EXERCISE> Please restate the records below word for word, leaving out every picture.

▼

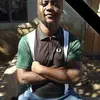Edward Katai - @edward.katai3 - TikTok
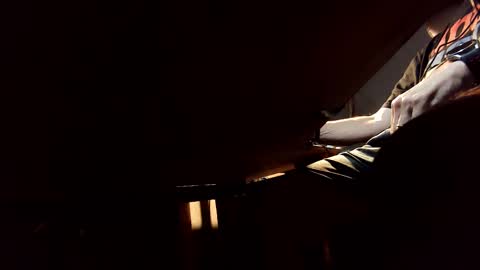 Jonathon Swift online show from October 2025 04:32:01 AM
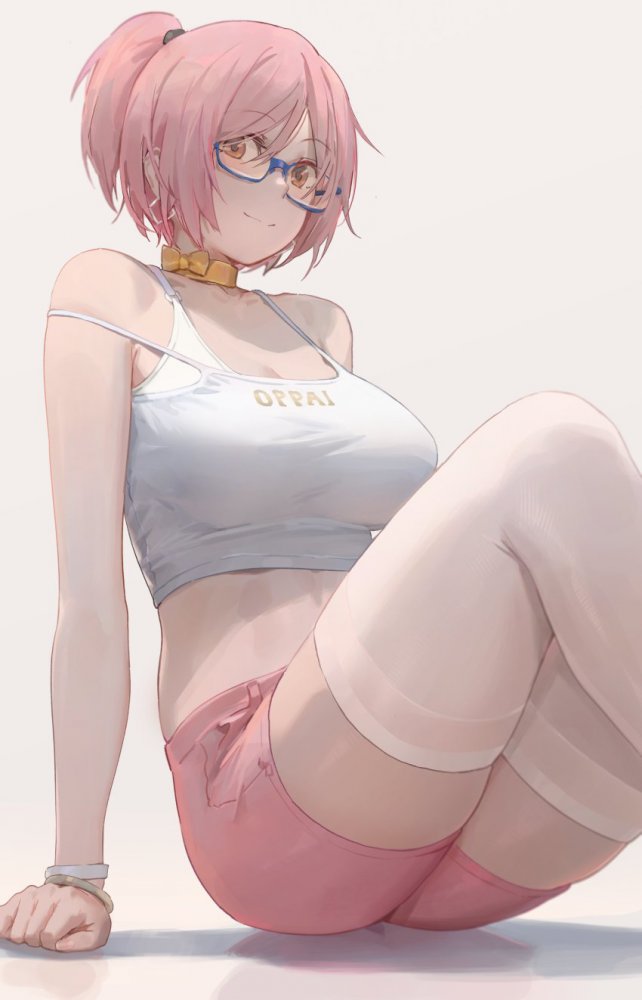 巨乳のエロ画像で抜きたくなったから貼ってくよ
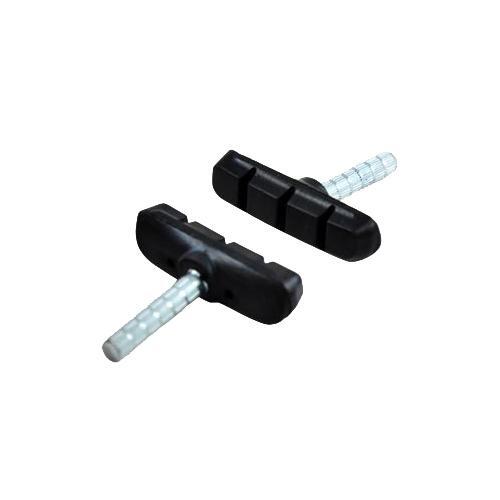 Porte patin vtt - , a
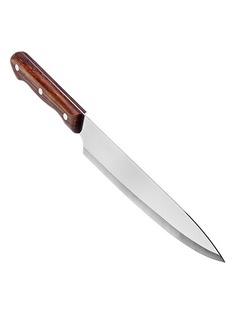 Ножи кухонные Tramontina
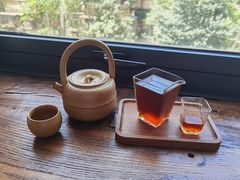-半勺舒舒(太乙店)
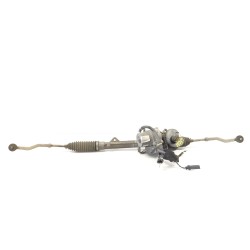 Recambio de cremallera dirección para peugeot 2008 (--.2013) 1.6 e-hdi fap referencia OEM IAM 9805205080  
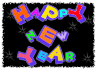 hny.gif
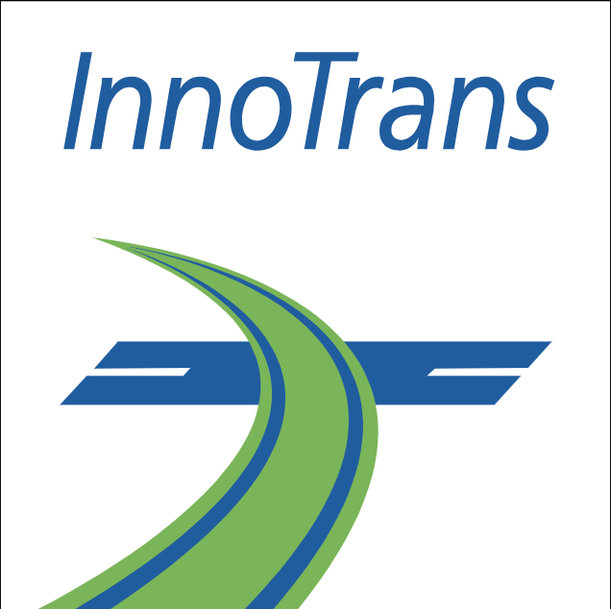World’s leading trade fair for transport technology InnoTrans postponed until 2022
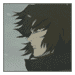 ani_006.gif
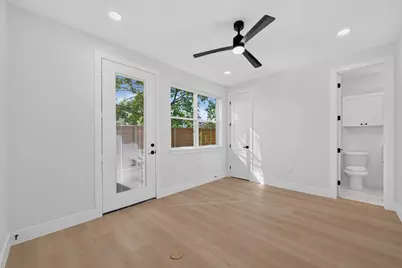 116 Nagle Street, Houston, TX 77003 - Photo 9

▲

EXERCISE RESPONSE>
Edward Katai - @edward.katai3 - TikTok
 Jonathon Swift online show from October 2025 04:32:01 AM
 巨乳のエロ画像で抜きたくなったから貼ってくよ
 Porte patin vtt - , a
 Ножи кухонные Tramontina
-半勺舒舒(太乙店)
 Recambio de cremallera dirección para peugeot 2008 (--.2013) 1.6 e-hdi fap referencia OEM IAM 9805205080  
 hny.gif
World’s leading trade fair for transport technology InnoTrans postponed until 2022
 ani_006.gif
 116 Nagle Street, Houston, TX 77003 - Photo 9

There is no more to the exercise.